No han cambiado grandes cosas en la política estadounidense, ni han salido adelante algunas reformas que siguen siendo necesarias, como la sanitaria; hay incluso quien considera decepcionante el mandato de ocho años de aquel hombre que “entiende los problemas de la gente” y finalmente (“yes, we can”) no pudo o no supo llegar hasta donde dijo que podría. Sin embargo, creo que visto con cierta perspectiva habrá que poner en su haber su apuesta por el estímulo de la economía mientras en Europa siguen con el mantra de la austeridad, o su decidida política contra el cambio climático y hasta en política exterior el final de la actitud de “policía del mundo” que llevaba décadas desplegándose desde Washington. De hecho, esto último ha sido muy bien aprovechado por el republicano Donald Trump, con la inestimable colaboración del desarrollo de ese nuevo terrorismo suicida y devastador que conocemos como yihadismo.

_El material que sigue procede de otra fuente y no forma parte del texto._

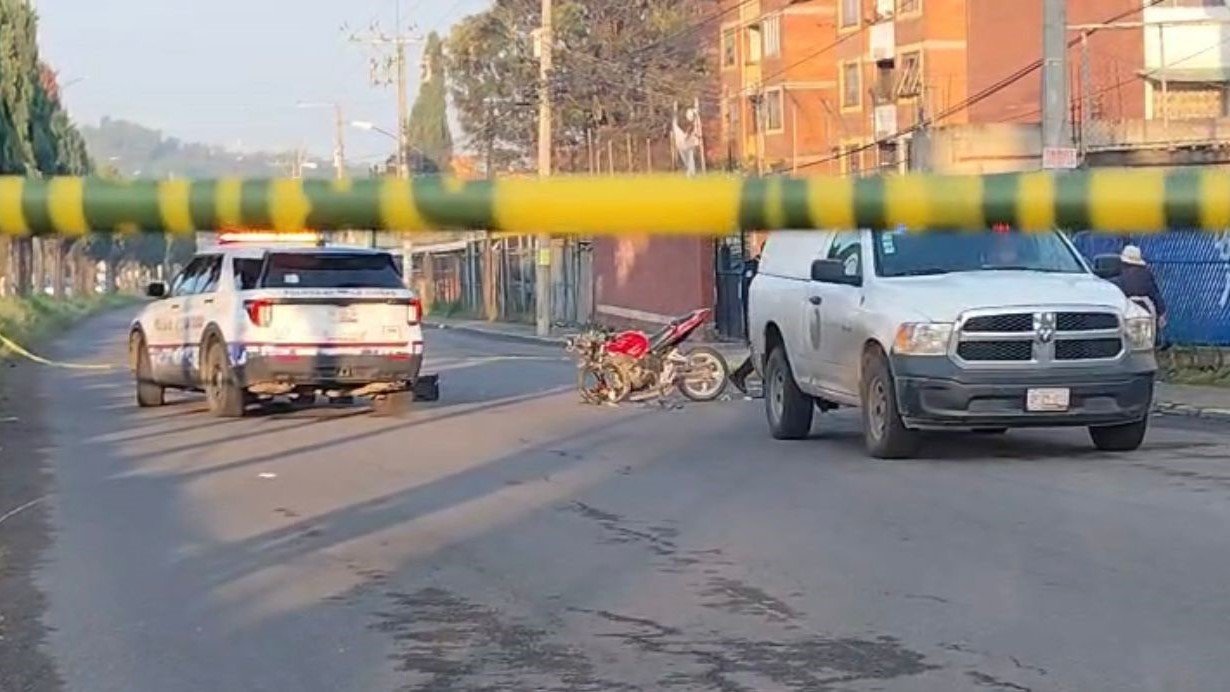 Fallecen dos hombres en Puebla, uno era motociclista y otro era peatón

No sé si aquella mujer habrá recuperado de verdad su orgullo de ser americana, pero hoy debe sentirse muy satisfecha porque, como deseaba, la derrotada entonces por Obama puede ser la próxima presidenta de los Estados Unidos. La primera mujer. Como Obama fue el primer negro.

Hay una gran parte de la población estadounidense que contempla esa sucesión como algo cercano a la malignidad infernal. Eso de que un negro primero y una mujer después ocupen la Casa Blanca, es poco menos que el equivalente político al 666 demoníaco. Y muchos de ellos van a votar a Trump, ese “ignorante, peligroso y miserable payaso a tiempo parcial y sociópata a tiempo completo”, como le llama Michael Moore en un inquietante artículo publicado esta semana que comienza diciendo: “Ya os lo advertí el pasado verano cuando dije que Donald Trump sería el candidato republicano a la Presidencia, y ahora traigo unas noticias aún peores y más deprimentes: Trump va a ganar las elecciones en noviembre”.

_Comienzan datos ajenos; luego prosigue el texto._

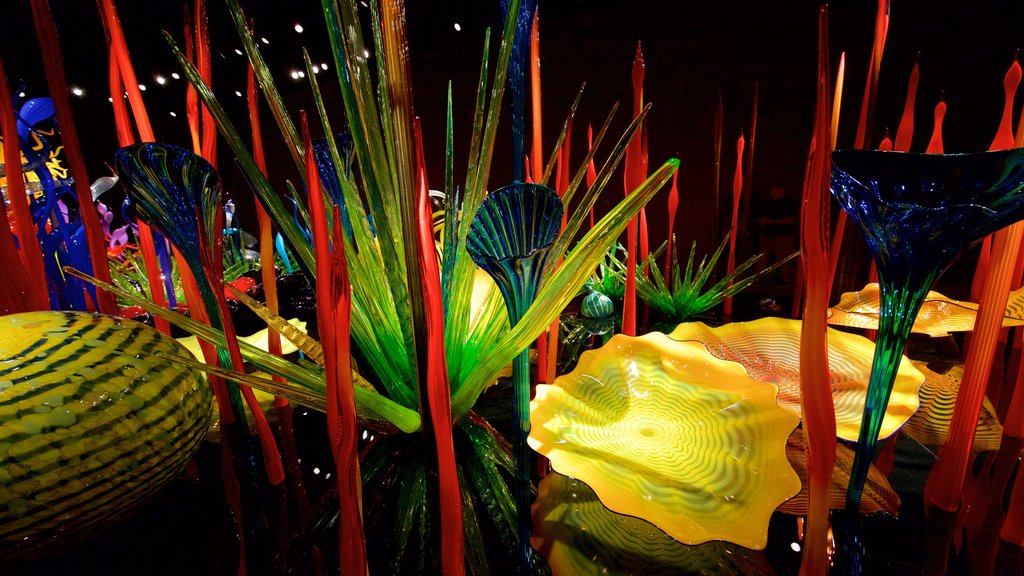 Dale Chihuly Glass Museum mostrando vistas internas e arte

El texto de Moore subraya entre otras razones el hecho de que Hillary sea parte del sistema, de esa casta conocida –mucho cine habla de ello- como “los políticos de Washington”.

Hay mucho votante o simpatizante de Sanders –el candidato derrotado por Clinton– que, como Moore, piensa que la ex primera dama no va a conseguir los apoyos suficientes para derrotar a Trump.

Sin embargo, podría equivocarse como él mismo confiesa que desearía hacer. No seré yo quien le discuta sus argumentos a un norteamericano lúcido y muy conocedor del alma de su país. Pero el recuerdo de aquella mujer de Maryland que dejó en el aire la posibilidad de que la Historia transitara por donde lo está haciendo, me lleva a pensar que pese a todos los condicionantes negativos, pese a las reticencias de no pocos votantes de izquierda allí, por encima de las dudas o las desconfianzas, hay muchas mujeres y muchos hombres que son conscientes de tener en sus manos la posibilidad de que una mujer gobierne en Estados Unidos, ocupe uno de los lugares de poder más relevantes del mundo. Ya ha habido otras, pero casi siempre conservadoras –y estoy pensando, por ejemplo en Margaret Thatcher–. Ser mujer no es garantía de mejor gobierno, desde luego, pero su condición, contando además con que Clinton proviene de un partido que sin ser de izquierdas representa la mayor idea de progreso posible en un país como Estados Unidos, sí puede introducir sensibilidades diferentes que contribuyan a modificar la situación de la mujer en su país y en el resto del mundo. Me resulta difícil creer que una mujer ocupando esa posición de poder gobierne exactamente igual que lo haría un hombre, sin tener en su horizonte lo mucho que queda por transitar hacia la igualdad no sólo en su país, no sólo en Occidente, sino en todo el resto del mundo. No puede, no debe ser lo mismo.

Aquella mujer de Maryland puede sentirse frustrada con Obama, pero probablemente dé una oportunidad a Hillary para convertirse en la primer Señora Presidenta de los Estados Unidos. Ojalá. Volvamos a creer que es posible cambiar las cosas. Y de paso conjurar la llegada al poder de un sujeto enloquecidodo, manipulador y racista como ese Donald Trump que, ciertamente, puede ganar las elecciones en noviembre.